> [PROBLEM DETAILS]
Output all of the listing, leaving every line exactly as written.

> [RECORDS SUPPLIED]

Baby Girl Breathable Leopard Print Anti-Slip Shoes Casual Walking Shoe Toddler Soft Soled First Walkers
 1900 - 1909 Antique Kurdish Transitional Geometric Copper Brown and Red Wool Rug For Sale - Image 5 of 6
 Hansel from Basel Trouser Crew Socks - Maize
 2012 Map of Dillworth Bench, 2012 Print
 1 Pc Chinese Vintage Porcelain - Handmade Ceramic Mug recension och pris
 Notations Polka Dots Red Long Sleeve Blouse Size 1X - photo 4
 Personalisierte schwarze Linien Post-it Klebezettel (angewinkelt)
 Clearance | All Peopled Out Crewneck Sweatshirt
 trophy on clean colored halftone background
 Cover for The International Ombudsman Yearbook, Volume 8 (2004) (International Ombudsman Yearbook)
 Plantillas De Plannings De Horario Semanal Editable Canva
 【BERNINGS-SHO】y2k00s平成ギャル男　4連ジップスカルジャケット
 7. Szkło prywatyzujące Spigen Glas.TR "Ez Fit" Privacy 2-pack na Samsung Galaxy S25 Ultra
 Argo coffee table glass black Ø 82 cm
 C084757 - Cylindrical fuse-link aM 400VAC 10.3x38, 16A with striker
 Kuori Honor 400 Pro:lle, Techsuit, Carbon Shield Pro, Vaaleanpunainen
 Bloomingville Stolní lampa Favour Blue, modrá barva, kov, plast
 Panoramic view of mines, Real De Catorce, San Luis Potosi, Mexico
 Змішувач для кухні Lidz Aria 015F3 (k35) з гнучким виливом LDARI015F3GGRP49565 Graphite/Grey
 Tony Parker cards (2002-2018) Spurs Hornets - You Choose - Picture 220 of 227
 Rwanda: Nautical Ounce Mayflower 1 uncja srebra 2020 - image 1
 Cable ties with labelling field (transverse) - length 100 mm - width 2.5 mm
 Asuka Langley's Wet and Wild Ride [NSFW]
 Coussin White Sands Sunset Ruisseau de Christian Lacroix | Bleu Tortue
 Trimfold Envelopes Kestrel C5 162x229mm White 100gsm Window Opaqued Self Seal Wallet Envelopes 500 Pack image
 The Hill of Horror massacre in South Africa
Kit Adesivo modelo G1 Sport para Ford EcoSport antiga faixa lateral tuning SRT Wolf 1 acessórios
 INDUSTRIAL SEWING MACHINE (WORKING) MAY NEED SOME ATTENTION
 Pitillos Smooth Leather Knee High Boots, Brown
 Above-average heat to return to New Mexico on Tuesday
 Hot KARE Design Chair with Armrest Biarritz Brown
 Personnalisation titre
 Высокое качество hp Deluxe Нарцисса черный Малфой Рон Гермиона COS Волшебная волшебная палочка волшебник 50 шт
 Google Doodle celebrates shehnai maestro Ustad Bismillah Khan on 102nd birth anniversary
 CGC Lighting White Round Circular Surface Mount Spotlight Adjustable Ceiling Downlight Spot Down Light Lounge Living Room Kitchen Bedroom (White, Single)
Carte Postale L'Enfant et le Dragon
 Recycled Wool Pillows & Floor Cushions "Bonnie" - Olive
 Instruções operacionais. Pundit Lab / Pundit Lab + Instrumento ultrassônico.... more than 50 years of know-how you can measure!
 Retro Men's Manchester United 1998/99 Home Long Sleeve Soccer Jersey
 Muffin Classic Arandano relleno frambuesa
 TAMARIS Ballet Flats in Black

> [TASK SOLUTION]
Baby Girl Breathable Leopard Print Anti-Slip Shoes Casual Walking Shoe Toddler Soft Soled First Walkers
 1900 - 1909 Antique Kurdish Transitional Geometric Copper Brown and Red Wool Rug For Sale - Image 5 of 6
 Hansel from Basel Trouser Crew Socks - Maize
 2012 Map of Dillworth Bench, 2012 Print
 1 Pc Chinese Vintage Porcelain - Handmade Ceramic Mug recension och pris
 Notations Polka Dots Red Long Sleeve Blouse Size 1X - photo 4
 Personalisierte schwarze Linien Post-it Klebezettel (angewinkelt)
 Clearance | All Peopled Out Crewneck Sweatshirt
 trophy on clean colored halftone background
 Cover for The International Ombudsman Yearbook, Volume 8 (2004) (International Ombudsman Yearbook)
 Plantillas De Plannings De Horario Semanal Editable Canva
 【BERNINGS-SHO】y2k00s平成ギャル男　4連ジップスカルジャケット
 7. Szkło prywatyzujące Spigen Glas.TR "Ez Fit" Privacy 2-pack na Samsung Galaxy S25 Ultra
 Argo coffee table glass black Ø 82 cm
 C084757 - Cylindrical fuse-link aM 400VAC 10.3x38, 16A with striker
 Kuori Honor 400 Pro:lle, Techsuit, Carbon Shield Pro, Vaaleanpunainen
 Bloomingville Stolní lampa Favour Blue, modrá barva, kov, plast
 Panoramic view of mines, Real De Catorce, San Luis Potosi, Mexico
 Змішувач для кухні Lidz Aria 015F3 (k35) з гнучким виливом LDARI015F3GGRP49565 Graphite/Grey
 Tony Parker cards (2002-2018) Spurs Hornets - You Choose - Picture 220 of 227
 Rwanda: Nautical Ounce Mayflower 1 uncja srebra 2020 - image 1
 Cable ties with labelling field (transverse) - length 100 mm - width 2.5 mm
 Asuka Langley's Wet and Wild Ride [NSFW]
 Coussin White Sands Sunset Ruisseau de Christian Lacroix | Bleu Tortue
 Trimfold Envelopes Kestrel C5 162x229mm White 100gsm Window Opaqued Self Seal Wallet Envelopes 500 Pack image
 The Hill of Horror massacre in South Africa
Kit Adesivo modelo G1 Sport para Ford EcoSport antiga faixa lateral tuning SRT Wolf 1 acessórios
 INDUSTRIAL SEWING MACHINE (WORKING) MAY NEED SOME ATTENTION
 Pitillos Smooth Leather Knee High Boots, Brown
 Above-average heat to return to New Mexico on Tuesday
 Hot KARE Design Chair with Armrest Biarritz Brown
 Personnalisation titre
 Высокое качество hp Deluxe Нарцисса черный Малфой Рон Гермиона COS Волшебная волшебная палочка волшебник 50 шт
 Google Doodle celebrates shehnai maestro Ustad Bismillah Khan on 102nd birth anniversary
 CGC Lighting White Round Circular Surface Mount Spotlight Adjustable Ceiling Downlight Spot Down Light Lounge Living Room Kitchen Bedroom (White, Single)
Carte Postale L'Enfant et le Dragon
 Recycled Wool Pillows & Floor Cushions "Bonnie" - Olive
 Instruções operacionais. Pundit Lab / Pundit Lab + Instrumento ultrassônico.... more than 50 years of know-how you can measure!
 Retro Men's Manchester United 1998/99 Home Long Sleeve Soccer Jersey
 Muffin Classic Arandano relleno frambuesa
 TAMARIS Ballet Flats in Black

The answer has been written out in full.